The United Front, for which we sang the obituary yesterday, must be now ruing its fate en route to oblivion. To die at the hands of the enemy within is indeed a very painful ignominy, but then the UF’s very existence was a sin and so its demise would evoke few mourners outside of its fragile walls. Even in mythology we have two separate gods handling the portfolios of creation and destruction. But for the very transient UF, both were rolled into one in the form of Chandrababu Naidu. It is indeed true poetic justice that the hand that moulded the clay should now strike it down to plain mud. But by performing the act of the executioner, Naidu was only helping the UF keep its tryst with destiny.
The intrigues and suspense that preceded the Speaker’s election are a sure pointer to the shape of things to come. Perhaps for the first time in Parliamentary history there is likely to be a contest for the post of the Speaker with the warring groups committed to contest beyond retraction. It is certainly a pity that P.A.Sangma had been forced into a battle, much against his intent owing to a coup of sorts pulled off by the BJP at the very last minute. It would be a sad day for the country if he is ‘defeated’ by the little known, even to Advani or Vajpayee, we hear, some-Yogi. The Prime Minister’s call for a consensus approach has faded away even before it was heard. The field is now wide open for a battle royal on any and every issue and the countdown indeed has begun, truly and well, for a prolonged period of mudslinging and a no-holds- barred slanging war inside the precincts of Parliament.

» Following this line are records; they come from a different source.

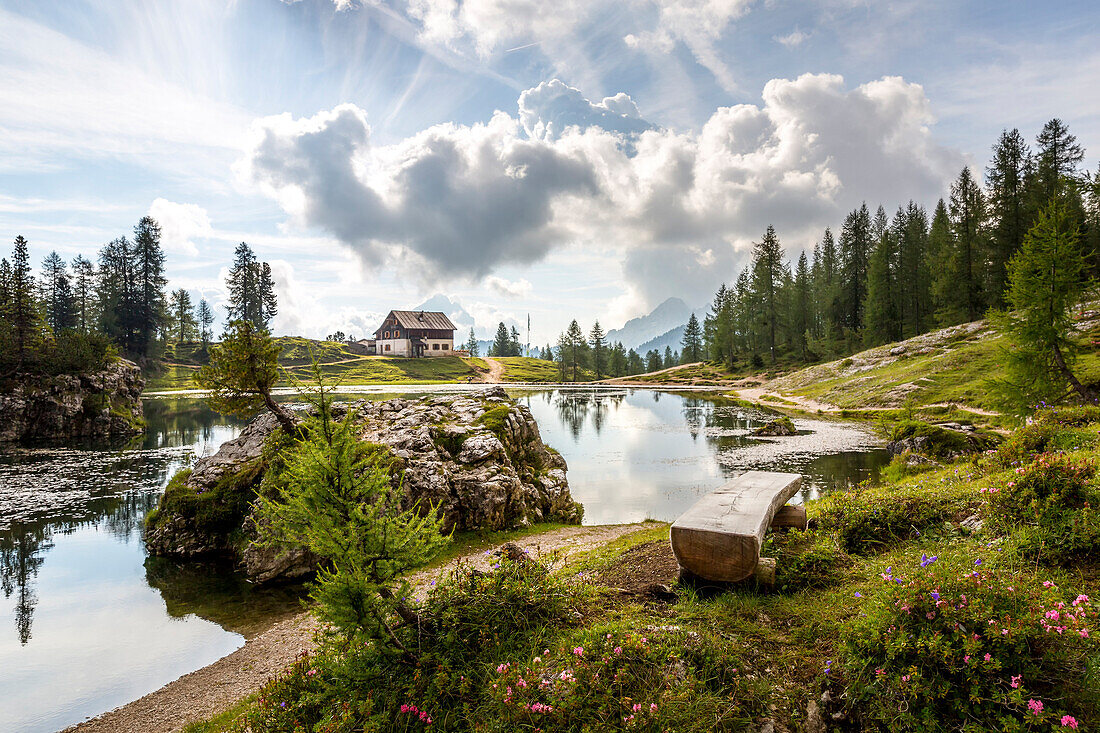 The peaceful Federa Lake with the cozy Croda da Lago refuge,Cortina d'Ampezzo,Belluno district,Veneto,Italy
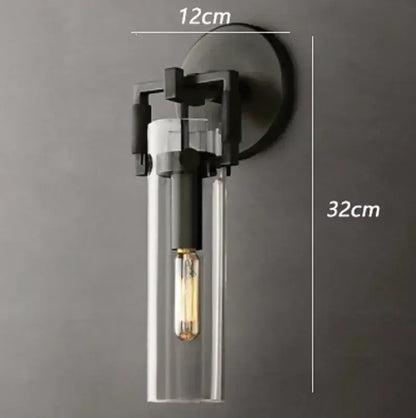 Black metal and clear glass wall lamp with exposed Edison bulb 32cm height decorbites glass wall lamp industrial style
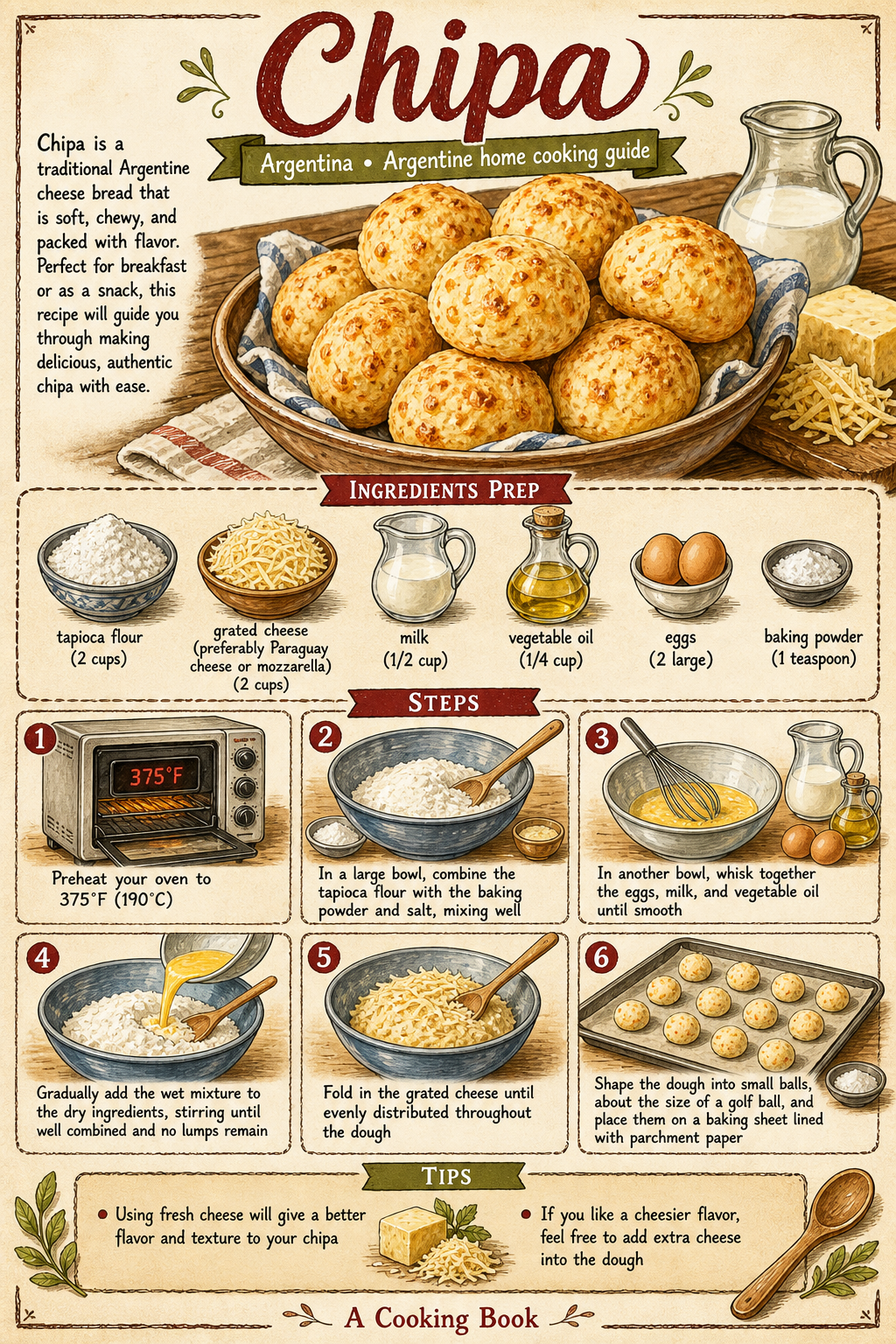 Argentine Litoral Chipá illustrated step-by-step cooking guide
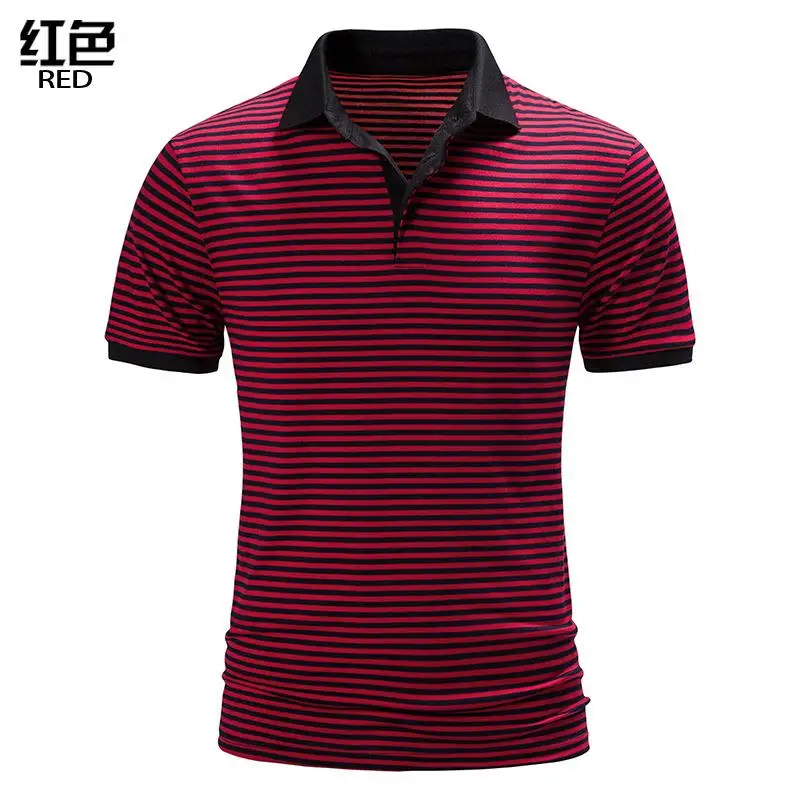 

Summer new men's short sleeved POLO shirt Youth business casual pinstripe color contrast T-shirt Male designer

The Congress and its leadership are clearly paying for their greed. They never had any rightful claim to the Speakership, despite Sangma’s impeccable record in that capacity. By convention, it has been the ruling party’s prerogative to have a Speaker of its choice elected unopposed. The BJP respected this tradition in 1991 as well as 1996 and was quite justified in expecting its candidate to make it to the top slot. But then reciprocity is not a Congress virtue, even if it means throwing norms to winds and so the Congress, in an attempt to take advantage of the fluid situation, tried to foist its nominee. It was their belief that the individual goodwill of Sangma is enough to carry the day in their favour. They have now ended up at the receiving end of a shabby scuffle, and in the process have also tarnished the record of one of the very few Congressmen with a good reputation.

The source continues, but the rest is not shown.